>>>>>

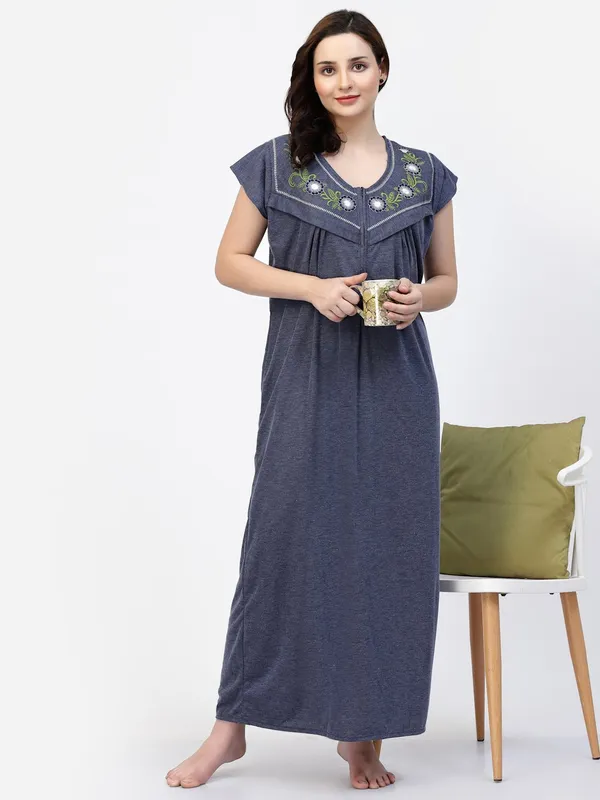 Navy_Blue_Hosiery_Feeding_Nighty_For_Women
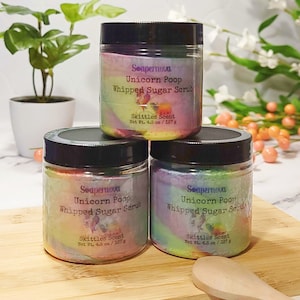 May include: Three jars of unicorn poop whipped sugar scrub in rainbow colors with a Skittles scent. Each jar is 4.5 oz / 127 g.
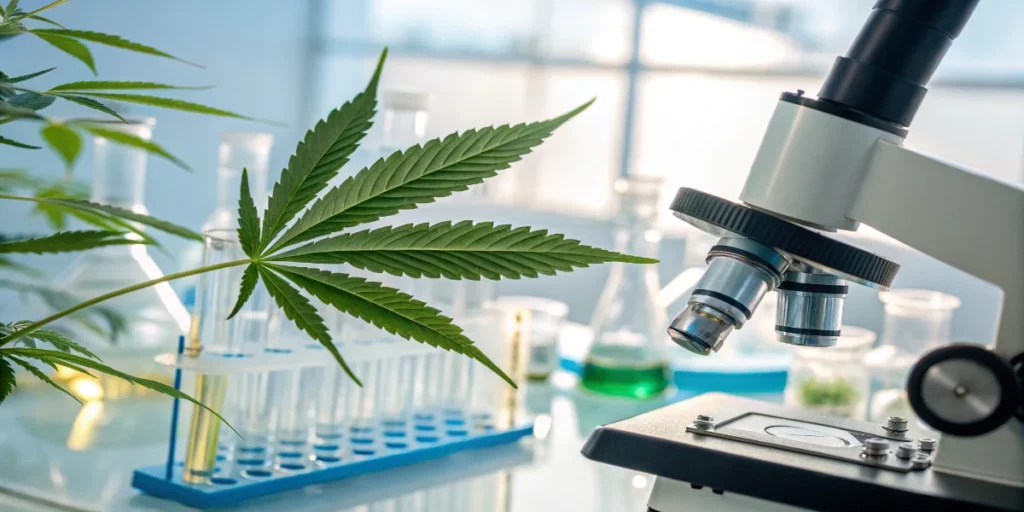 cannabis leaf next to microscope in laboratory with test tubes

<<<<<

No pictures should appear in the copy. Reproduce exactly the lines from the line containing "May include: Three" through the last line of the data, inclusive.

- [WRITTEN SOLUTION]
 May include: Three jars of unicorn poop whipped sugar scrub in rainbow colors with a Skittles scent. Each jar is 4.5 oz / 127 g.
 cannabis leaf next to microscope in laboratory with test tubes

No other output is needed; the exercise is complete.